Serves 4
Per serving 215 kcal 5.6g fat
Preparation time 10 mins
Cooking time 30 mins
Ingredients:
450g (1lb) lean rump steak
1 red onion, finely chopped
2 garlic cloves, crushed
1 tbsp chopped fresh thyme
300ml (½ pint) beef stock
1 tbsp plain flour
225g (8oz) mushrooms, sliced
2 tsps Dijon mustard
300ml (½ pint) virtually fat free fromage frais
2 tbsps chopped fresh parsley
2 tbsps brandy
salt and freshly ground black pepper
Method
Preheat a non-stick frying pan.
Chop the steak into cubes. Add the onion and garlic to the pan and dry-fry until soft.
Add the beef and thyme and cook to seal the outside of the meat. Add a little stock and sprinkle the flour over. Mix well, and "cook out" the flour for 1 minute before adding the remaining stock.
Add the mushrooms, stir in the mustard and cook for a further 3–4 minutes.
Remove the pan from the heat and stir in the fromage frais and parsley.
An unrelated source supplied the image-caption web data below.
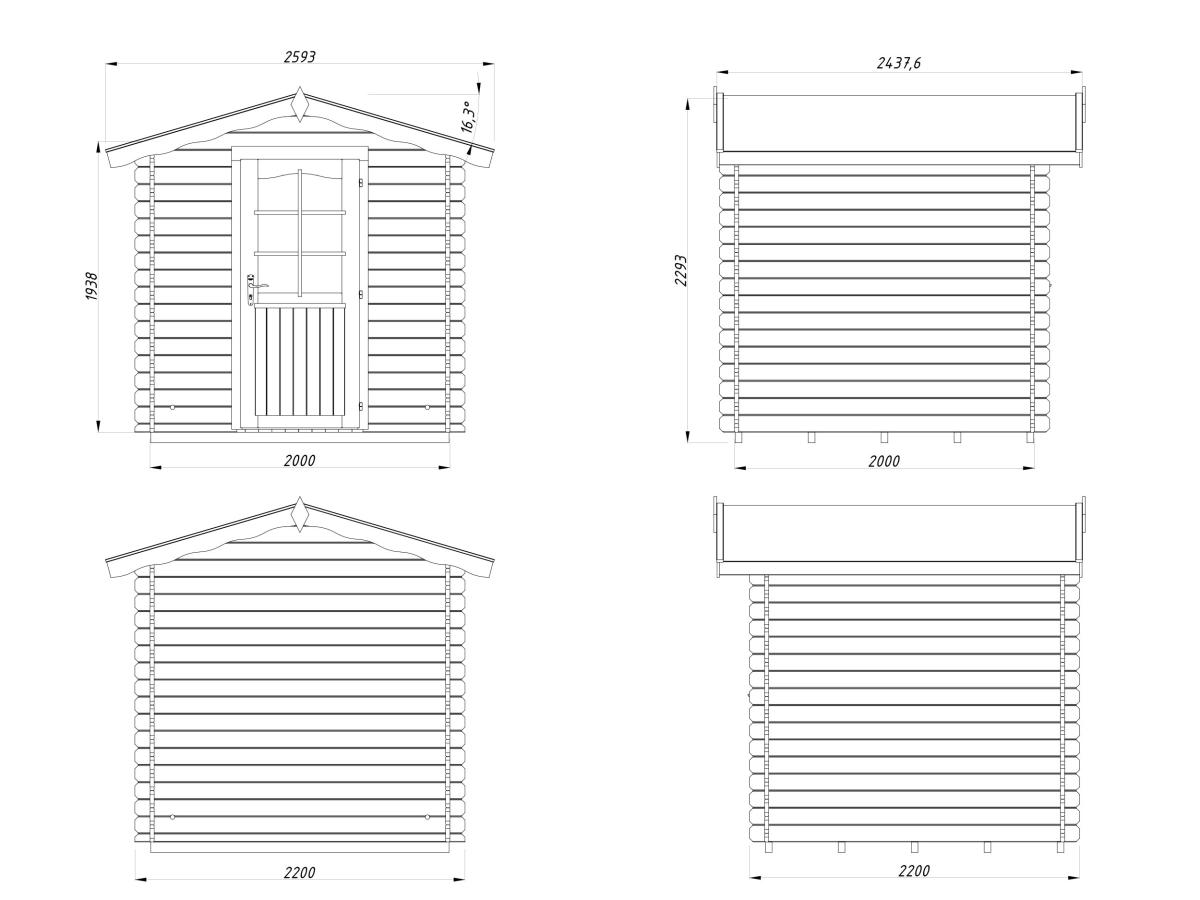 Caseta de madera Vivian - 3,8 m2 3 Caseta de madera Vivian 3,8 m2
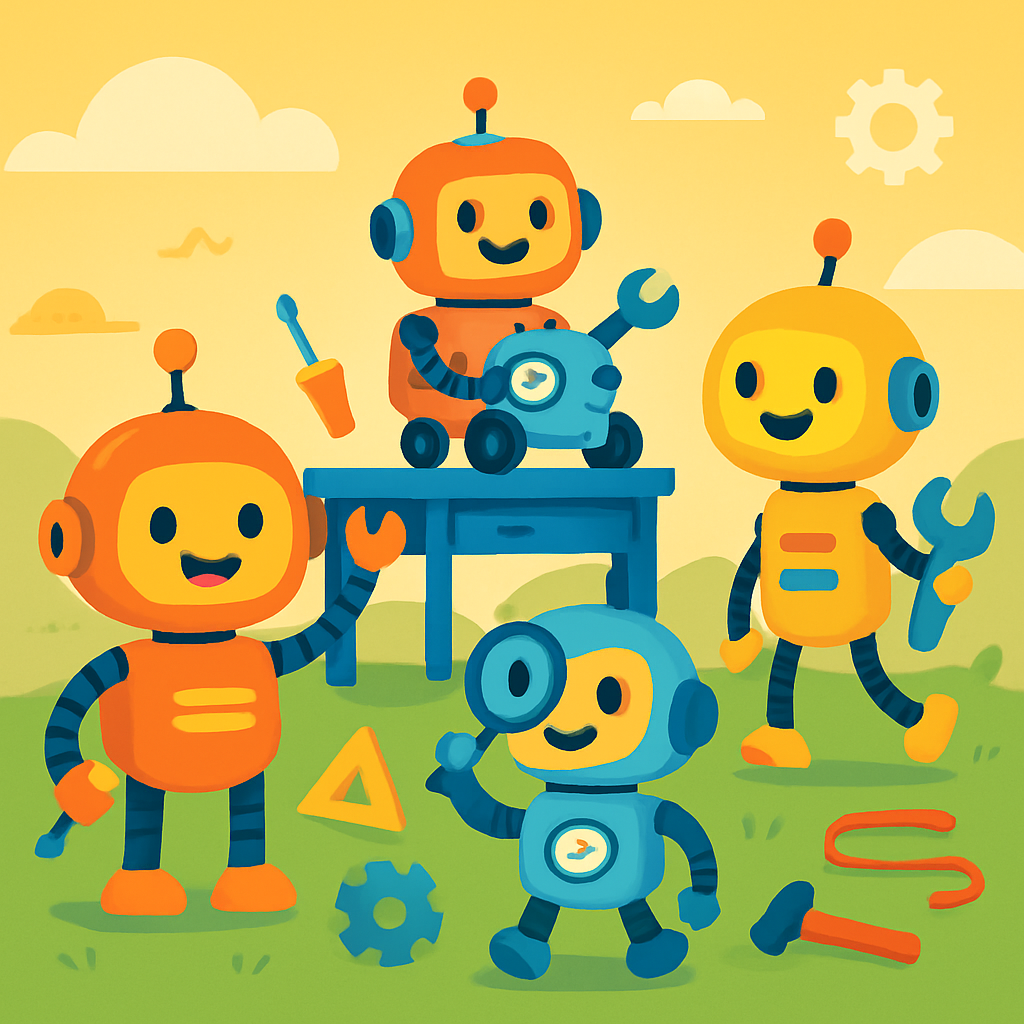 Adventurous Robot Crew Paint By Numbers Kits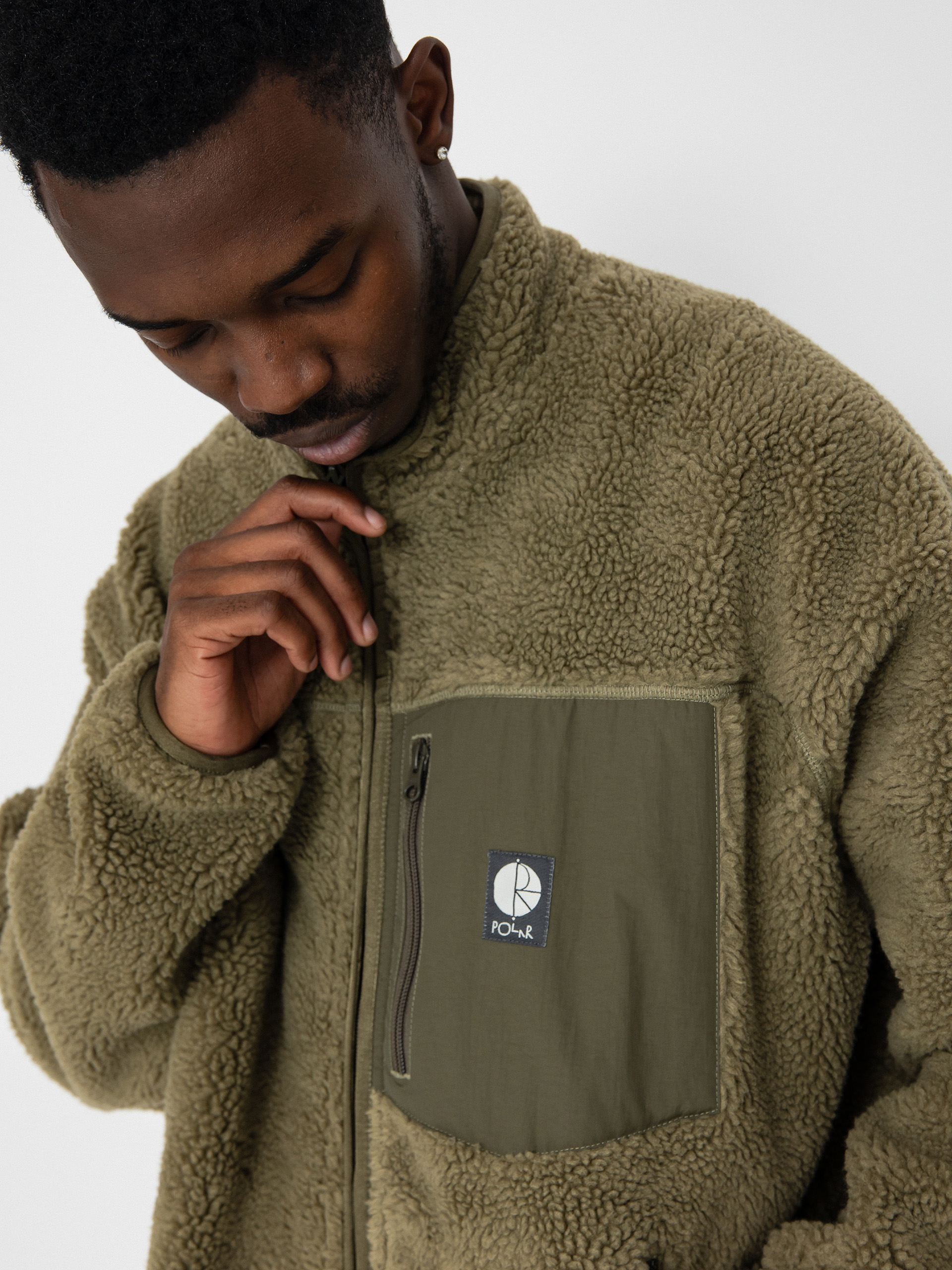 Geacă Polar Skate Kiki (khaki green)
Check the seasoning and adjust.
Heat the brandy in a ladle held over a low heat and carefully light the top of the alcohol. Pour the flaming brandy into the pan and stir in. Serve immediately with Basmati rice and vegetables.
Chef's tip: Flaming the alcohol takes away the bitter edge from the sauce and gives a more mellow flavour.